Kathleen Horn said her father was reasonable and fair with his children as well. “He was just the epitome of a good father,” she said. “He was cut from a different cloth than a lot of people.”

Mr. Horn was born on January 29, 1930, to Thomas T. Horn and the former Anna Petzoldt. He attended local schools and went to work at the Bulova factory during the day and his father’s electrical contracting business at night and on weekends after graduating from Pierson High School. He eventually took over the family business and later in life worked as an electrical inspector for the New York Board of Fire Underwriters.

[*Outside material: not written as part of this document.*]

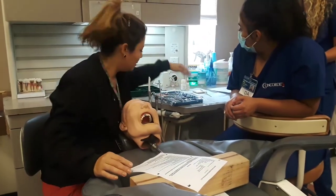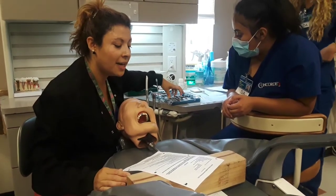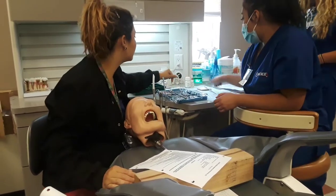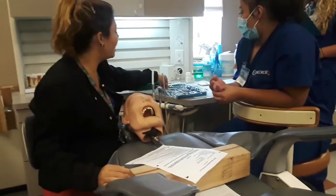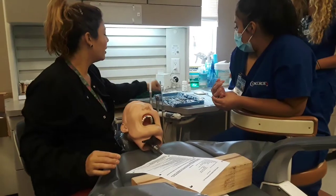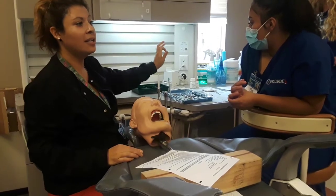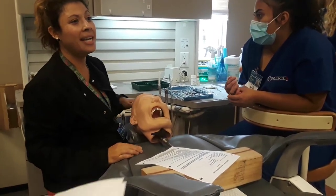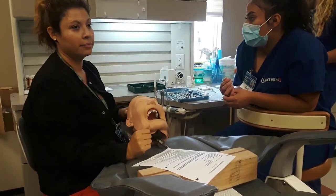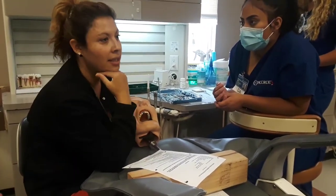Here we go — permanent cement. We've got our mirror explorer, cotton pliers, a spoon excavator to remove the temporary cement, and a mixing spatula. Anesthetic setup is ready to go if we need it. In your office, always set this up and leave it ready. What stinks about a doctor waiting is if you need to top off and it's already ready. So always set up your syringe — if you don't use it, fine.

In 1947, the same year he graduated from high school, Mr. Horn was sitting on a bench on Main Street with some friends when he whistled at Eileen V. Muldowney, who was walking down the street with her friends. When she turned to glare at him, he responded, “What makes you think I was whistling at you?” Robert Horn recounted. But the couple hit it off when they were introduced shortly afterward and were married on April 9, 1950.

Ryan Horn said his grandfather used the $750 he had saved for vacations and retirement at Bulova to buy the lot on Meadowlark Lane, where he built the home where family members still live.

A member of St. Andrew Catholic Church, Mr. Horn served on the parish school board for many years.

Mr. Horn’s wife died in 2018 and a son, Charles F. Horn, died in 1969. Besides his son Robert, who lives in Rocky Point, and his daughter Kathleen, who lives in Noyac, he is survived by three other children, Eileen Alanna Caffery of Southold, Thomas W. Horn Jr. of Sag Harbor and Michael P. Horn of Riverhead. He is also survived by six grandchildren and one great-grandchild.

The family has asked that memorial donations be made to the Sag Harbor Fire Department Museum.